Even though he dealt with Newman casually, as one professional collaborating with another, Scorsese could never entirely stop seeing him as a mythical figure. He wanted to please him, earn his approval, and above all avoid disappointing him. To Newman’s credit, he never abused the almost mythic admiration he inspired in the director. He had a mission — to deliver the finest performance of his career — and he approached it with rigor, perfectionism, and not an ounce of self-indulgence.
Newman worried about onscreen chemistry with an occasionally overacting Tom Cruise and found an unexpected ally in the third element of the film, Italian‑American actress Mary Elizabeth Mastrantonio. If Vincent was a spoiled child and Eddie a prematurely old, world-weary veteran, Mastrantonio’s Carmen was a perfectly balanced combination of ice and fire, calculation and adventure. She was a femme fatale disguised as arm candy — the richest and arguably best-performed character in the film.
The movie was shot largely on real locations: pool halls, seedy alleyways, run-down hotels and decrepit bars in and around Chicago. Its supporting cast included actors as accomplished as Bill Cobbs, John Turturro and a still-unknown (though already brilliant) Forrest Whitaker. In the end, despite all the concessions, trade-offs and constraints, it did have “soul,” and Scorsese’s authorial stamp was clearly visible.
Happy ending
Released on October 17, 1986, it grossed a satisfactory $52 million, was applauded (albeit with some reservations) by much of the critical establishment and achieved its main goal: Paul Newman finally won the Academy Award for best actor. It also helped Scorsese regain favor in the industry and unblock projects such as The Last Temptation of Christ, which would become a high‑budget auteur film — a product both for the director and “for them.”
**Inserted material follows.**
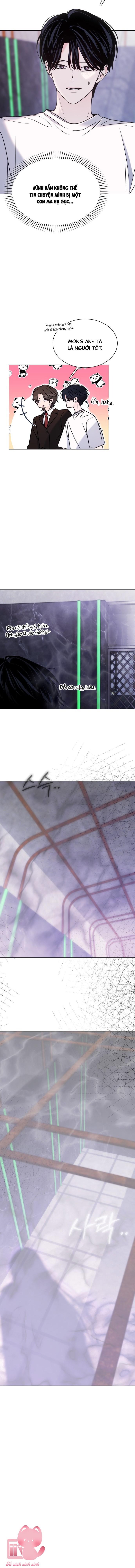 Hôn Trước Khi Ngủ Chapter 46 - Trang 4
Tom Cruise was the only participant left less than fully satisfied. He did not receive the praise he had expected and suffered a painful humiliation: the Academy overlooked him, yet nominated his far less established co-star Mary Elizabeth Mastrantonio for Best Supporting Actress. He would soon make up for it with the success of Top Gun, a breakthrough that propelled his career forward.
Finally, Richard Price was also nominated at the Academy Awards ceremony in March 1987, despite respected critics like Roger Ebert calling the film’s chief flaw a script filled with “preordained teacher-pupil cliches” Price himself was quick to point out that, although he alone received screenwriting credit, the script had really been the product of the combined efforts of three very different men: two New York clowns and Hollywood royalty.
Together they devised the unforgettable scene that finally does justice to the proud antihero Eddie Felson. Vincent has just granted him a “real” rematch after deliberately losing a fixed game during the Atlantic City tournament. Before they begin, the young man needles his former mentor with characteristic arrogance:
“What are you going to do when I kick your ass?” asks Vincent.
“Pick myself up and let you kick me again. [...] Just don’t put the money in the bank. Because if I don’t whip you now, I’m gonna whip you next month in Dallas,” replies Eddie.
When Vincent asks him how he can be so sure he will win, Vincent answers: “Hey, I’m back.”